I did read somewhere that a guy in some state with the mandatory bicycle registration, went to register his bike and they punched the bikes serial number into a computer and they told him he could not register that bike because the serial number was listed as a stolen bike.


----------



## gladerider (Jan 13, 2011)

i live in NJ. she will be voted out of her office before this bill passes. dumbest bill i've ever heard. what? they are going to have an officer arrest a 5 year old girl or ticket her? not a chance.


----------



## Rambo (Jan 13, 2011)

Interesting comment someone left after the article:

"I've got a better one!! How about every person has to wear license plates, front and back. Then we could identify the muggers. The state would also make tons of money. Years ago my elderly mother got mugged on her bicycle, pushed off and robbed.
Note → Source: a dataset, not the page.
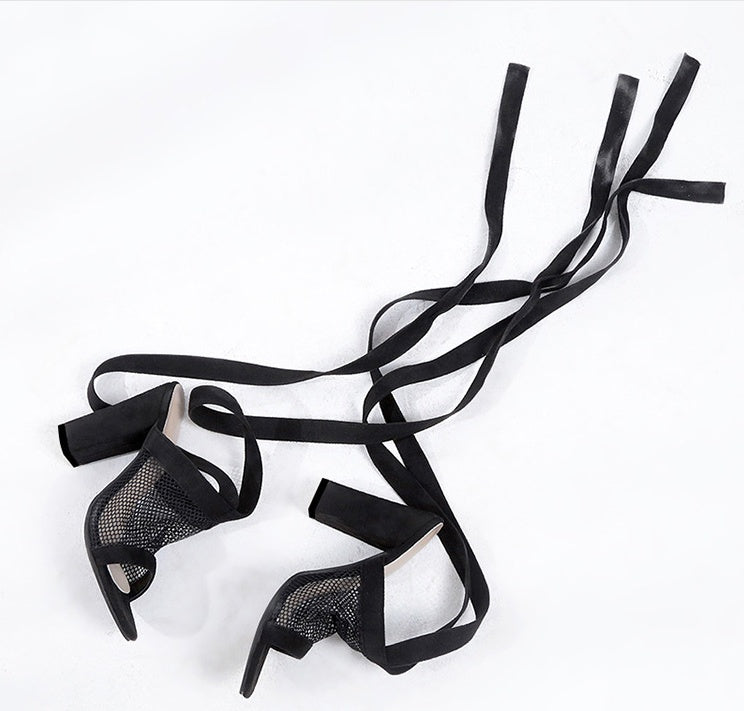 Frauen Sandalen Bandage Flock Cross Strap Lace Up High Heels Sandale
Now if she could have gotten their 'plate' number we would have captured the thief."


----------



## legalskier (Jan 13, 2011)

There was such an immediate backlash that the proposed bill has been withdrawn. I don't think I've ever seen a legislator act so quickly.

_“My intention was never to impose a burden or additional costs," Tucker said in a statement. "My goal was to at least begin a discussion of how best to protect elderly pedestrians. No idea is perfect, but protecting elderly pedestrians deserves attention."_
http://www.nj.com/news/index.ssf/2011/01/nj_lawmaker_withdraws_proposed.html


----------



## gladerider (Jan 13, 2011)

we have too many legislators without common sense. this is a perfect example.


----------



## riverc0il (Jan 13, 2011)

legalskier said:


> _“My intention was never to impose a burden or additional costs," Tucker said in a statement. "My goal was to at least begin a discussion of how best to protect elderly pedestrians. No idea is perfect, but protecting elderly pedestrians deserves attention."_


Say what? :blink: That's the most ludicrous reasoning I have ever read. Licensing bicycles will protect elderly pedestrians? This guy must also be in favor of legalizing weed. I hope he is at least because he's going to need some protection given how much he's been smoking!


----------